Apache Flink Application: Real Time Analytics

 Real Time Analytics

    In this project I will be buidling an, Apache Flink application for real-time sales analytics which is  built using Docker Compose to orchestrate the necessary infrastructure components, including Apache Flink, Elasticsearch, and Postgres. The application processes financial transaction data from Kafka, performs aggregations, and stores the results in both Postgres and Elasticsearch for further analysis.

Project Architecture:

Project Components:

  • Apache Kafka: A distributed streaming platform that excels in publishing and subscribing to streams of records, storing these records, and processing them as they occur.
  • Apache Flink: A framework and distributed processing engine for stateful computations over unbounded and bounded data streams. Flink is known for its high throughput and low-latency streaming capabilities.
  • PostgreSQL (Postgres): A powerful, open-source object-relational database system known for its reliability, feature robustness, and performance.
  • Elasticsearch: A distributed, RESTful search and analytics engine capable of addressing a growing number of use cases.
  • Kibana: A data visualization dashboard for Elasticsearch. It provides visualization capabilities on top of the content indexed on an Elasticsearch cluster.

Project Flow:

  1. Data Ingestion: Data is ingested in real-time through Apache Kafka, which acts as the initial entry point for streaming data.
  2. Stream Processing: Apache Flink processes the streaming data, performing tasks such as aggregations, enrichments, or complex computations.
  3. Data Storage and Indexing: Processed data is then stored in PostgreSQL for transactional data needs and simultaneously indexed in Elasticsearch for real-time analytics.
  4. Visualization: Kibana is used to visualize and analyze data stored in Elasticsearch.

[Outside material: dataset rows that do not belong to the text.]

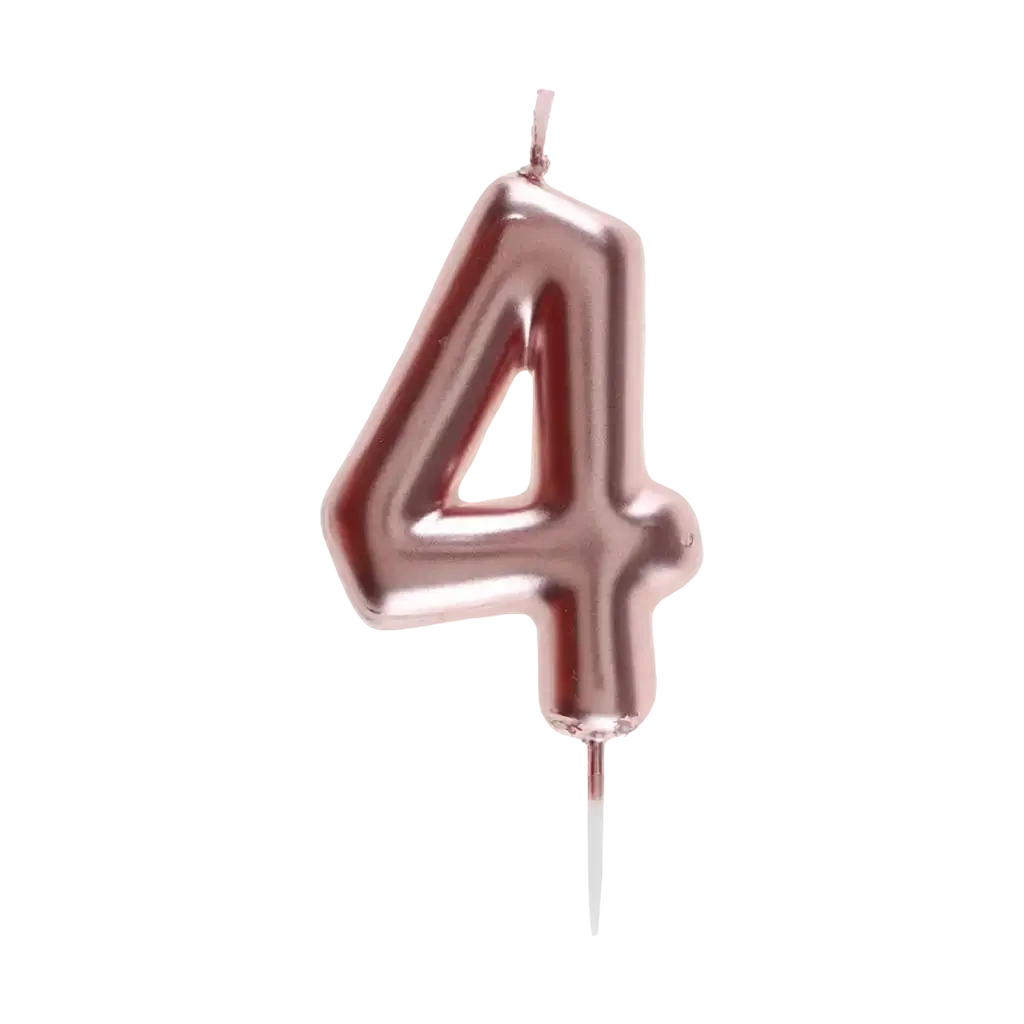 Jahrestag Kerze Ziffer 4 Rosa Gold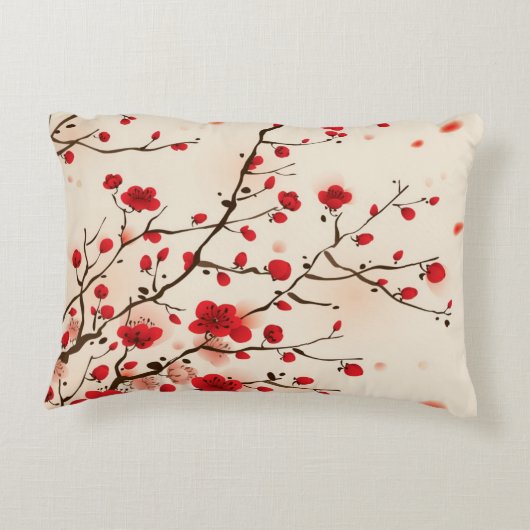 東洋のスタイルの絵画、春のプラム花 アクセントクッション (裏面)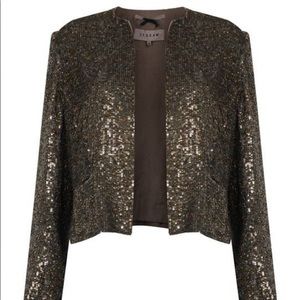 Gold sequin cropped blazer
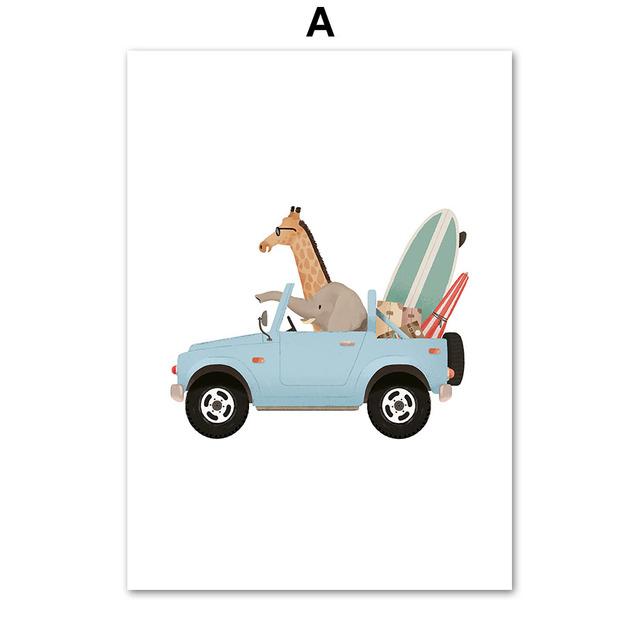 

Мультяшный автомобиль Жираф Слон Обезьяна Медведь Настенная живопись на холсте Плакаты на скандинавскую тему и принты с животными Настенные панно Декор для детской комнаты 21cm×30cm NoFrame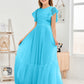 Cap Sleeves A Line Chiffon Junior Bridesmaid Dress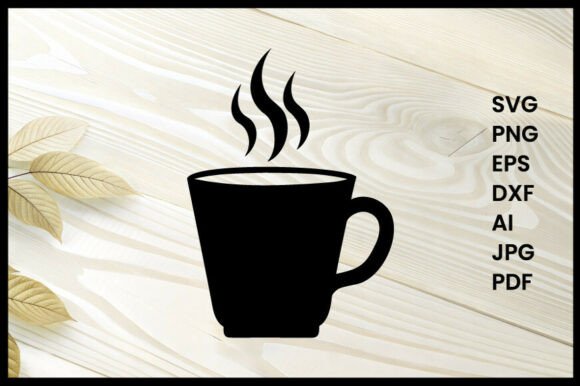 Hot Coffee Cup Silhouette Graphics for Crafts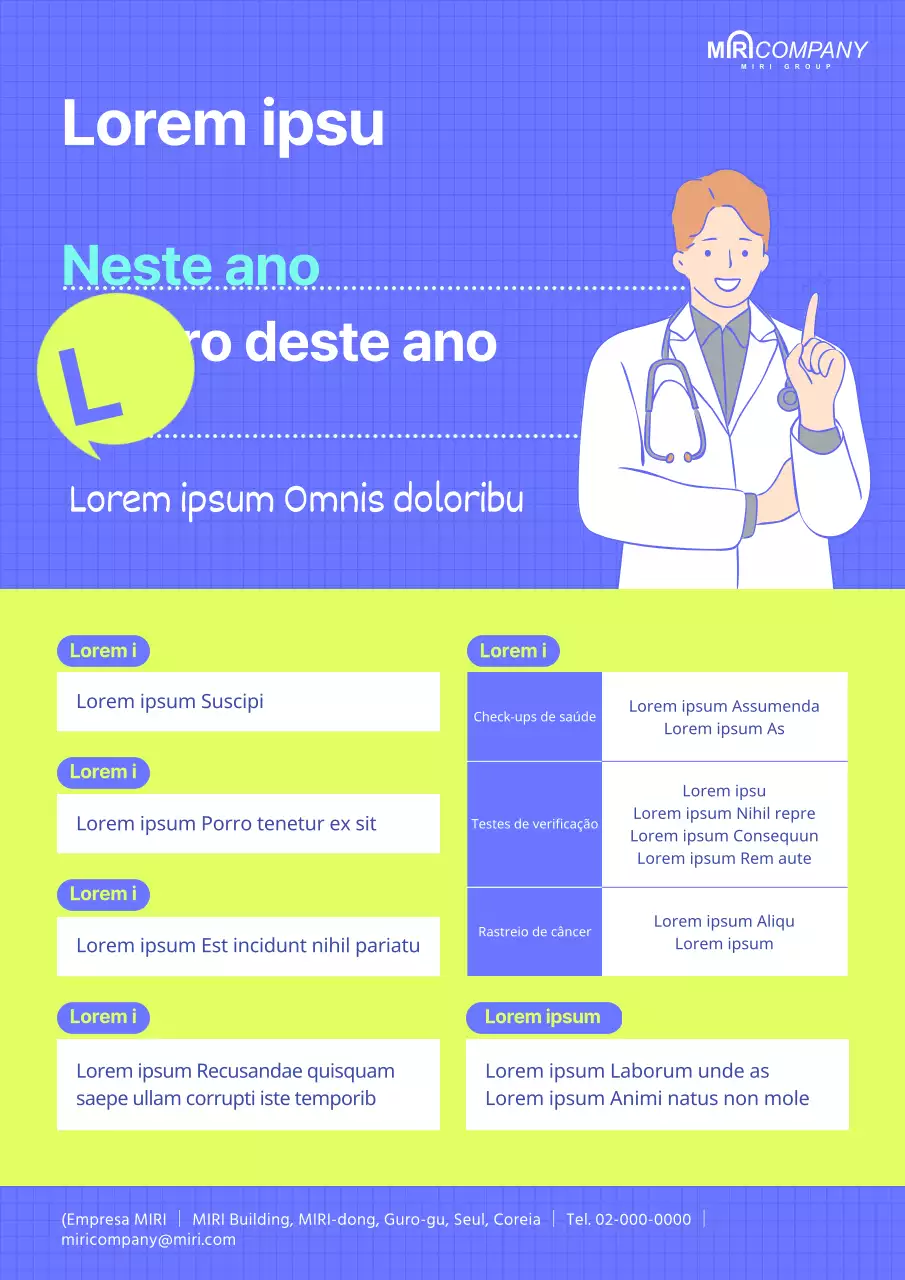 Anúncio de exame de saúde com ilustração de médico azul-verde claro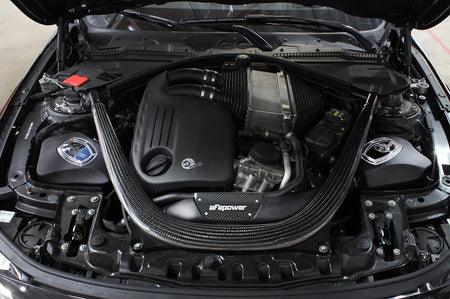 aFe Momentum Cold Air Intake for BMW F80 M3, F82 M4, and F87 M2 Competition with S55 twin turbo engine installed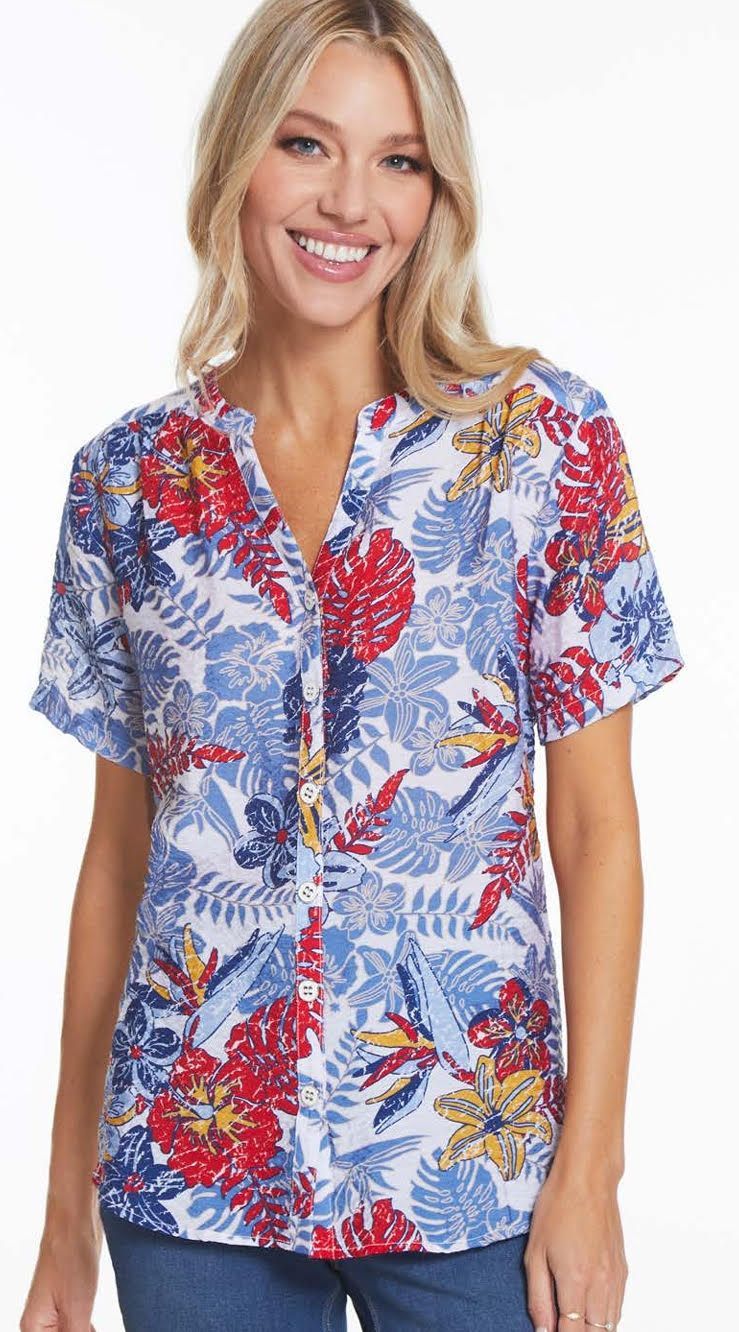 Red, White & Blue Floral Blouse, Front Button Opening
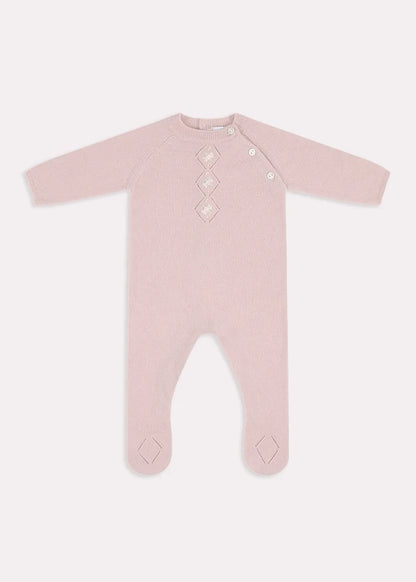 Knitted Floral Hand Embroidered All In One in Dusty Pink (1-12mths) Knitwear from Pepa London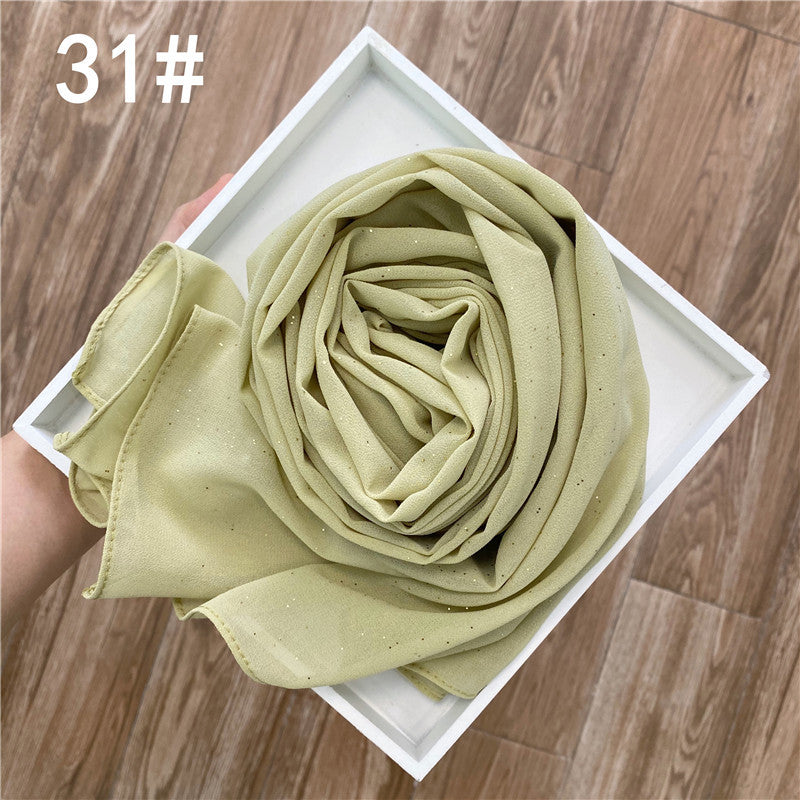 Women's Color Gold Sprinkling Chiffon Fashion Ethnic Scarfs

Starting with project setup:

Setup system architecture on docker

    To begin, ensure you have Docker and Docker Compose installed on your system. Docker Compose will allow us to define and run multi-container Docker applications, which is ideal for setting up our stack.

docker-compose.yml

version: '3.8'
services:
  zookeeper:
    image: confluentinc/cp-zookeeper:7.4.0
    hostname: zookeeper
    container_name: zookeeper
    ports:
      - "2181:2181"
    environment:
      ZOOKEEPER_CLIENT_PORT: 2181
      ZOOKEEPER_TICK_TIME: 2000
    healthcheck:
      test: [ "CMD", "bash", "-c", "echo 'ruok' | nc localhost 2181" ]
      interval: 10s
      timeout: 5s
      retries: 5

  broker:
    image: confluentinc/cp-kafka:7.4.0
    hostname: broker
    container_name: broker
    depends_on:
      zookeeper:
        condition: service_healthy
    ports:
      - "9092:9092"
      - "9101:9101"
    environment:
      KAFKA_BROKER_ID: 1
      KAFKA_ZOOKEEPER_CONNECT: 'zookeeper:2181'
      KAFKA_LISTENER_SECURITY_PROTOCOL_MAP: PLAINTEXT:PLAINTEXT,PLAINTEXT_HOST:PLAINTEXT
      KAFKA_ADVERTISED_LISTENERS: PLAINTEXT://broker:29092,PLAINTEXT_HOST://localhost:9092
      KAFKA_OFFSETS_TOPIC_REPLICATION_FACTOR: 1
      KAFKA_GROUP_INITIAL_REBALANCE_DELAY_MS: 0
      KAFKA_CONFLUENT_LICENSE_TOPIC_REPLICATION_FACTOR: 1
      KAFKA_CONFLUENT_BALANCER_TOPIC_REPLICATION_FACTOR: 1
      KAFKA_TRANSACTION_STATE_LOG_MIN_ISR: 1
      KAFKA_TRANSACTION_STATE_LOG_REPLICATION_FACTOR: 1
      KAFKA_JMX_PORT: 9101
      KAFKA_JMX_HOSTNAME: localhost
    healthcheck:
      test: [ "CMD", "bash", "-c", 'nc -z localhost 9092' ]
      interval: 10s
      timeout: 5s
      retries: 5

  postgres:
    image: postgres:latest
    container_name: postgres
    ports:
      - "5432:5432"
    environment:
      POSTGRES_USER: postgres
      POSTGRES_PASSWORD: postgres
      POSTGRES_DB: postgres
    healthcheck:
      test: [ "CMD", "pg_isready", "-U", "postgres" ]
      interval: 10s
      timeout: 5s
      retries: 5

  elasticsearch:
    image: docker.elastic.co/elasticsearch/elasticsearch:8.11.1
    container_name: es-container
    environment:
      - xpack.security.enabled=false
      - discovery.type=single-node
    ports:
      - 9200:9200

  kibana:
    container_name: kb-container
    image: docker.elastic.co/kibana/kibana:8.11.1
    environment:
      - ELASTICSEARCH_HOSTS=http://es-container:9200
    depends_on:
      - elasticsearch
    ports:
      - 5601:5601

Now when I run docker compose up -d , all the services will get up and running

Setup Apache Flink

    Download and setup Apache flink

    Start Apache Flink
    
    To start a local cluster, run the bash script that comes with Flink:
    
    $ ./bin/start-cluster.sh

    On Web UI at localhost:8081 - I can  view the Flink dashboard and see that the cluster is up and running.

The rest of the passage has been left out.